Pippin: finally i’m getting the respect i deserve from these peasants 

so accurate i am choking on my carrot. this is making me giggle harder than it should. I love Pippin so much.

I don’t think there will come time when I’m not reblogging this. Sorry guys. 

no no no you guys don’t understand, Pippin is someone really important in the Shire! The books don’t talk about it a lot, and the movies won’t touch that stuff with a bargepole, but Pippin will be inheriting land rights to about a quarter of the Shire. He’s second in line to becoming military leader of all Hobbits. His dad is currently in charge of that stuff, but he’s completely aware of it, and educated for it, and that’s why he’s such an over privileged little shit in the books.

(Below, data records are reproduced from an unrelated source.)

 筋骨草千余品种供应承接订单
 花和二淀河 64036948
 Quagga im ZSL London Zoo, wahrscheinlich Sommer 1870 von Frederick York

I thought it was a shame the movies didn’t talk about class differences in the Shire. Also puts M&P stealing food in an uglier light.

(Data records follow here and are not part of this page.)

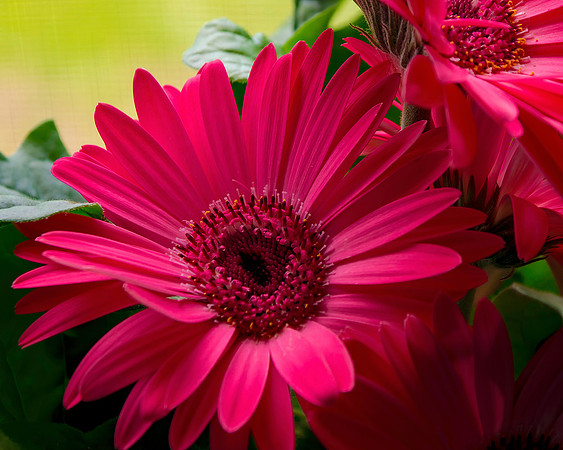 Pink Daisy Detail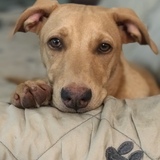 Entry image for Ellie Mae
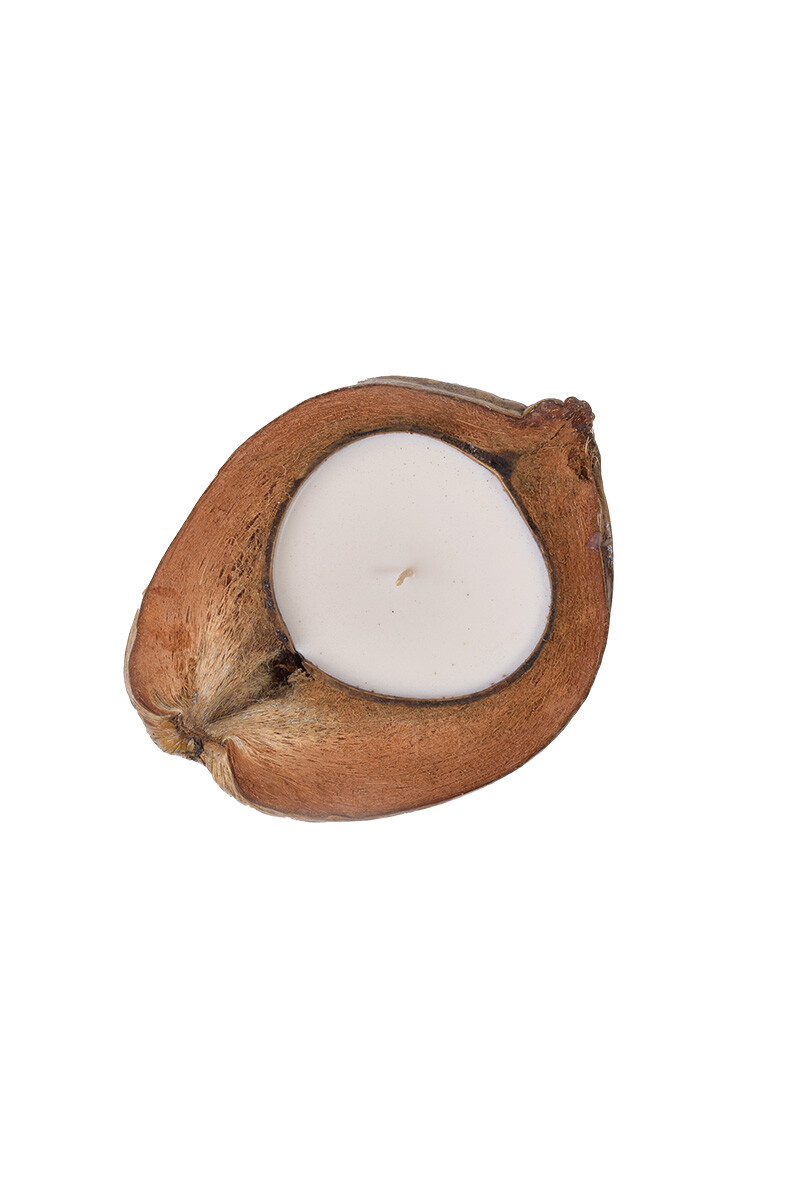 VELAS Y CANDELABROS CANDELABRO COCO 20DIAMX8H CM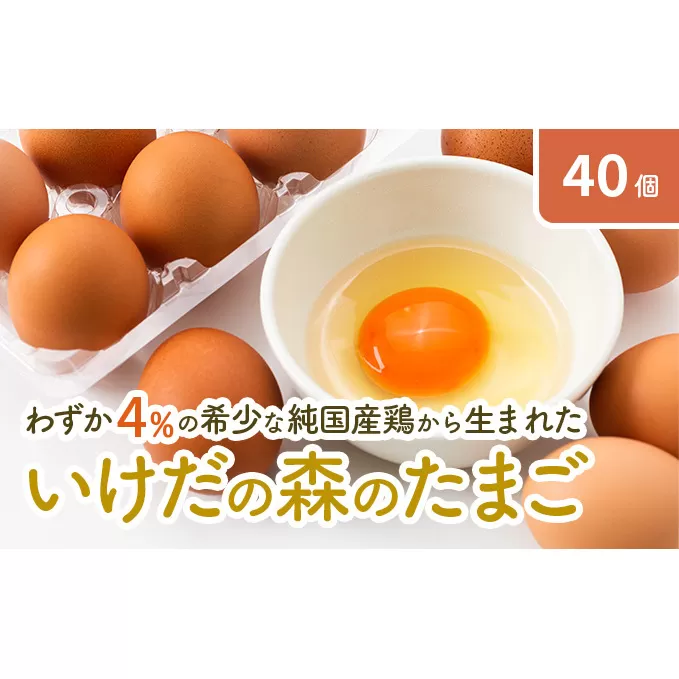 卵 わずか4%の希少な純国産鶏 いけだの森たまご 40個 こだわり おこめのたまご 玉子 鶏卵 生卵 産地直送 冷蔵配送 TKG 卵かけご飯 岐阜県産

To be fair, at the time of the Party, Pippin would have been 12, which puts it back into a more acceptable light.  And they’re stealing food from Bilbo, a wealthy and eccentric family member, which again makes things a bit different.

But yes, when they call Pippin Ernil i Perrianath - Prince of the Halflings - they are actually completely spot on.

And when Pippin tells Bergil “my father farms the land around Tuckborough” he’s deliberately downplaying his class so that he can greet the boy as an equal rather than a superior.  It’s Pippin’s most adult moment in the series.  Bergil is engaging in a status contest which Pippin can totally win - but instead chooses not to compete.  Pippin is a gilded and spoiled lordling in the Shire, but he becomes a Man of Gondor.

Yeah, to add a bit of unnecessary trivia/level of preciseness, Frodo is the oldest of the four; he was born in 2968, was (obviously) 33 at the time of the Party, and so he’s 51 here. Sam’s second-oldest; born in 2980, he was 21 when Bilbo left and is 39 at this point. Merry’s two years younger than Sam, making him 18 or 19 in 3001, when the Party took place, and Pippin was born in 2990, so he was actually 10 or 11 during the Party, and during this scene they’re ~37 and ~29, respectively.

So yeah, Pippin’s the youngest by a lot. Plus, taking hobbit aging into account, he really is still in the equivalent of his teens; remember the Party was half to celebrate Frodo’s coming-of-age at 33, and Pippin’s around twenty years younger than Frodo. 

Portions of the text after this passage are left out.